Problem to solve: Reproduce exactly, leaving out pictures, each line from the one holding "Amish-Made Wooden Horse" through the final line of the listing, and add nothing.

---------- Information ----------

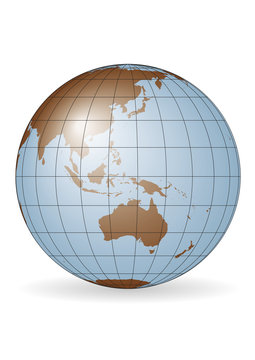 Australia and oceania earth globe vector map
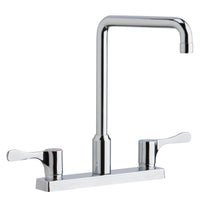 Elkay 8" Centerset Exposed Deck Mount Faucet with Arc Spout and 4" Lever Handles Chrome LKD2442BHC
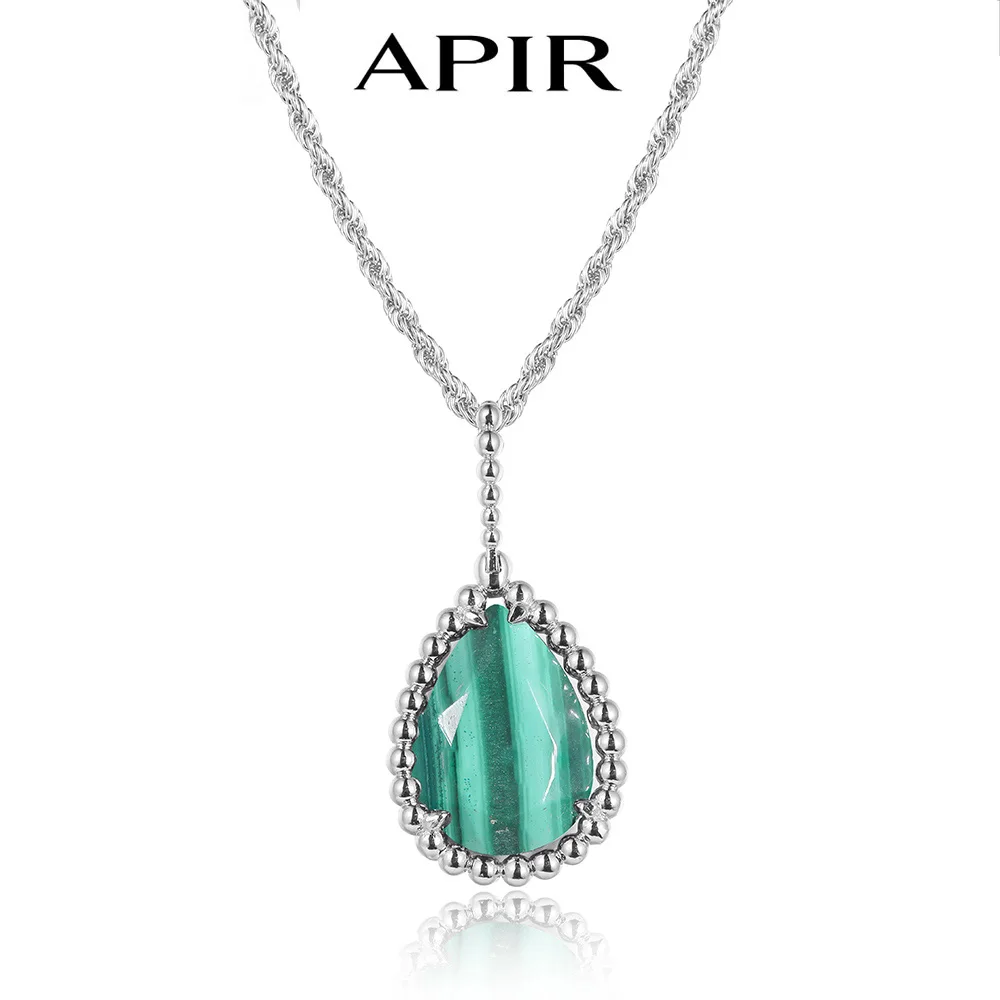 

APIR Bohemian Style 9*13mm Malachite Gemstone Water Drop Necklace Snake Design Shell Jewelry Pendant necklace Gift for Women Man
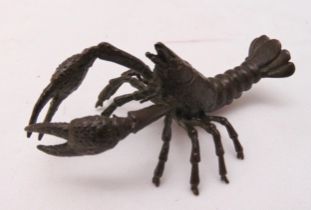 A Japanese Okimono figurine of a crayfish, 10 x 6cm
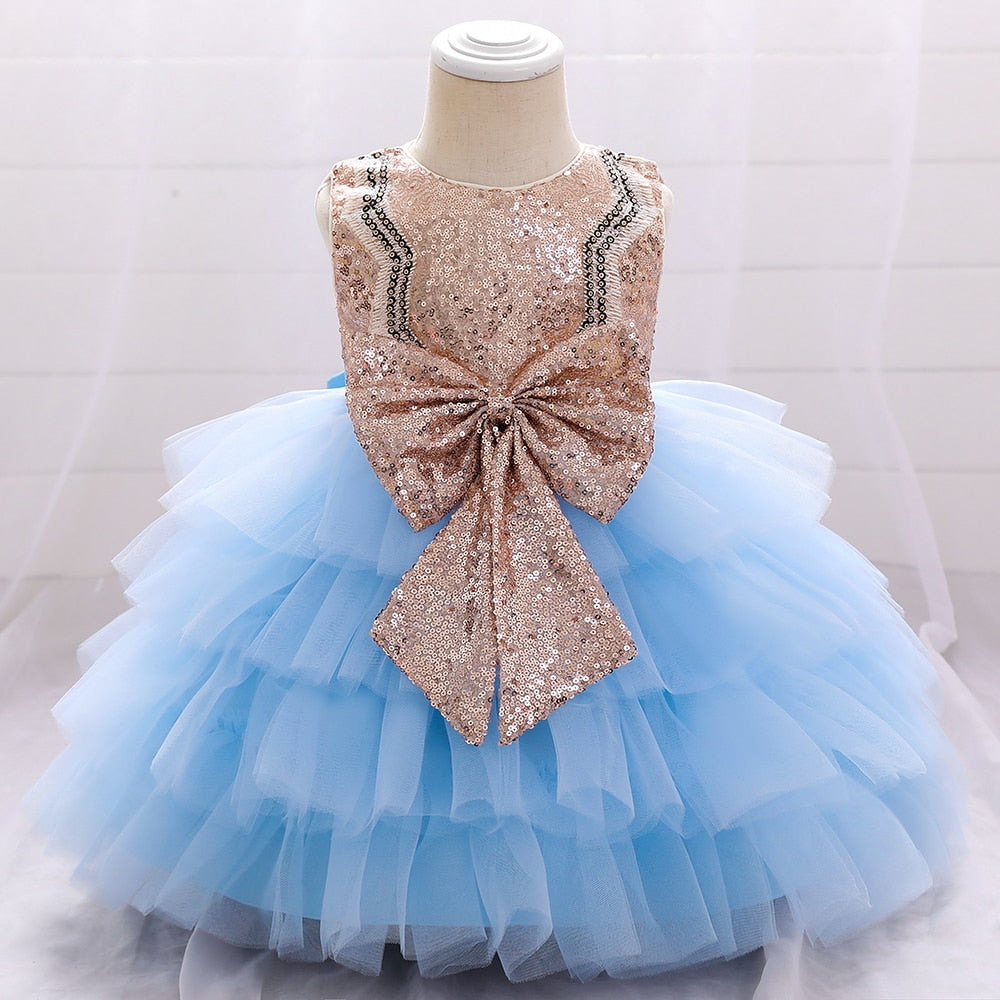 Robe princesse fille bustier doré bleu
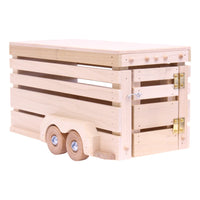 Amish-Made Wooden Horse Trailer Toy, Unfinished Wood - BIG FRENCHIES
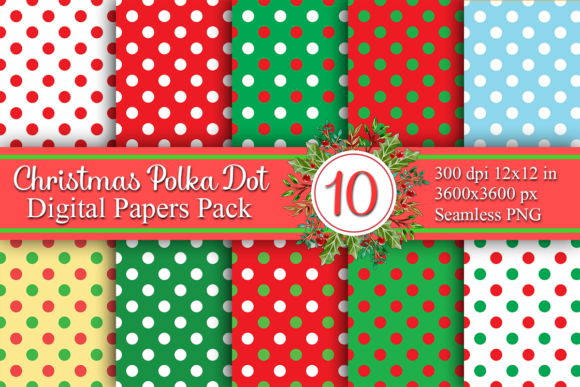 Download Christmas Digital Paper Xmas Polka Dot - Paper Collection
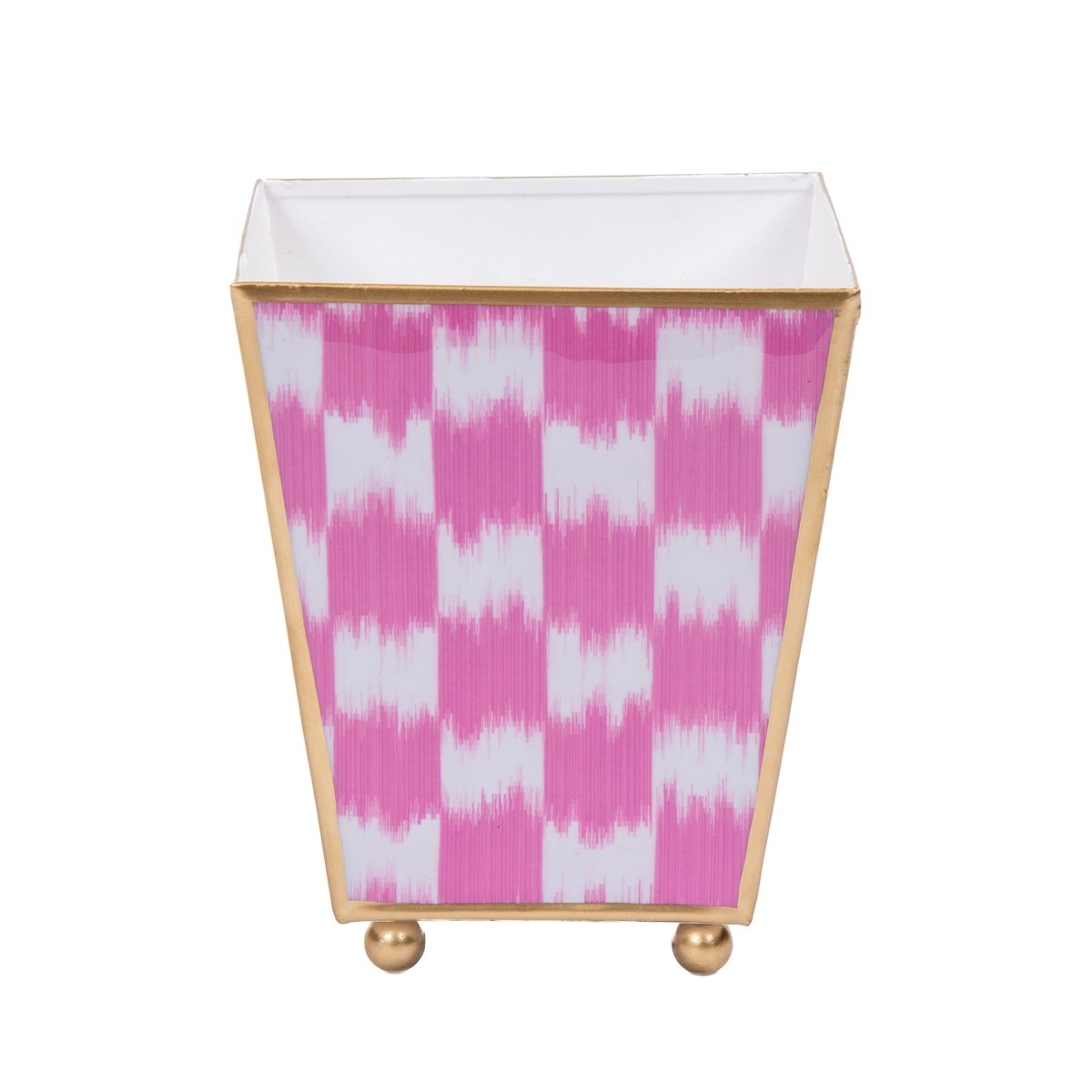 Checkered Ikat Enameled Pink Square Metal Cachepot Planter for Bedroom, Office, Kitchen, Living Room - Hostess Gifts - Cachepots from Jaye's Studio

----------

Result:
 Amish-Made Wooden Horse Trailer Toy, Unfinished Wood - BIG FRENCHIES
 Download Christmas Digital Paper Xmas Polka Dot - Paper Collection
 Checkered Ikat Enameled Pink Square Metal Cachepot Planter for Bedroom, Office, Kitchen, Living Room - Hostess Gifts - Cachepots from Jaye's Studio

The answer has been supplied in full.